In particular, even when the measuring means is tilted in accordance with the shape of the object to be measured, the position and orientation associated with the tilt can be easily corrected. Accurate measurement can be performed by moving the measurement point to the most preferable position and posture.

[Brief description of drawings]

FIG. 1 is a perspective view showing an embodiment of the present invention.

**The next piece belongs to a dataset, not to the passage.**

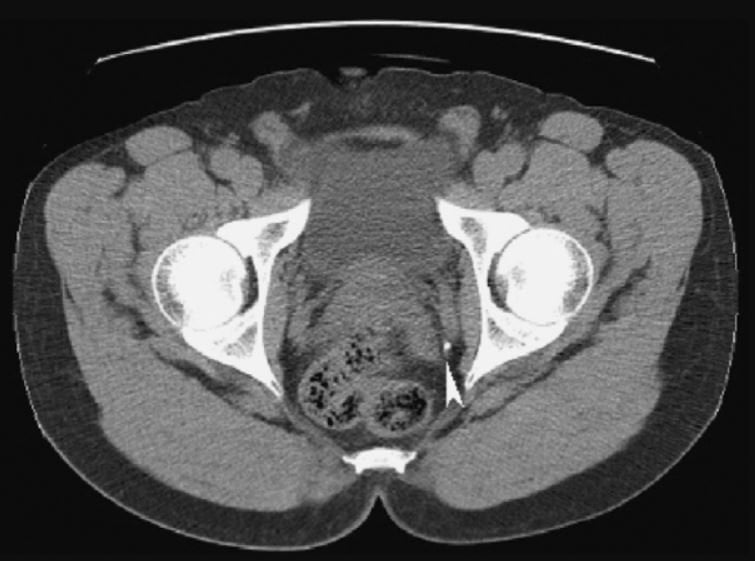 CT-scan vùng chậu cho hình ảnh sỏi niệu quản đoạn niệu quản xa bên trái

FIG. 2 is a perspective view illustrating a method for measuring the position of a reference spherical body.

[Explanation of symbols]

10 surface plate (stationary surface) 20 measuring device (non-contact type measuring means) 22 to 26 moving mechanism 30 reference plane body 40 reference spherical body C center of sphere Q measurement point on object to be measured P _{1 to} P _{3 on} reference spherical body Measurement points S _{1 to} S ₃ Measurement points on the reference flat body X DUT

 ─────────────────────────────────────────────────── ─── Continuation of the front page (72) Inventor Seiji Hamano 1006 Kadoma, Kadoma City, Osaka Prefecture Matsushita Electric Industrial Co., Ltd.

Claims (4)

[Claims] 1. A method for measuring a three-dimensional shape of an object to be measured by measuring the position of each point on the object to be measured by a movable non-contact type measuring means, and a reference spherical body which is previously fixed and With respect to at least three points on each surface of the reference flat body, the relative position with respect to the measuring means is measured by the measuring means, and the sphere of the reference spherical body with respect to the measuring means is measured from the position of each point on the reference spherical body. Find the relative position of the center,
Also, a three-dimensional characteristic characterized in that the relative posture of the reference plane body with respect to the measuring means is obtained from the position of each point on the reference plane body, and information on the position and posture of the measuring means is obtained based on these results. Shape measurement method. 2. The three-dimensional shape measuring method according to claim 1, wherein the stationary positions of the reference spherical body and / or the reference plane body can be changed. 3. The three-dimensional shape measuring method according to claim 1 or 2, wherein the non-contact measuring means is a means using a laser. 4. A tertiary comprising a stationary surface on which an object to be measured is stationary, and non-contact type measuring means which is movable with respect to the stationary surface and the object to be measured and which measures the position of each point on the object to be measured. In the original shape measuring apparatus, a three-dimensional shape including a reference spherical body and a reference plane body on the stationary surface side capable of measuring the positions of at least three points on the surface by the non-contact type measuring means. Measuring device.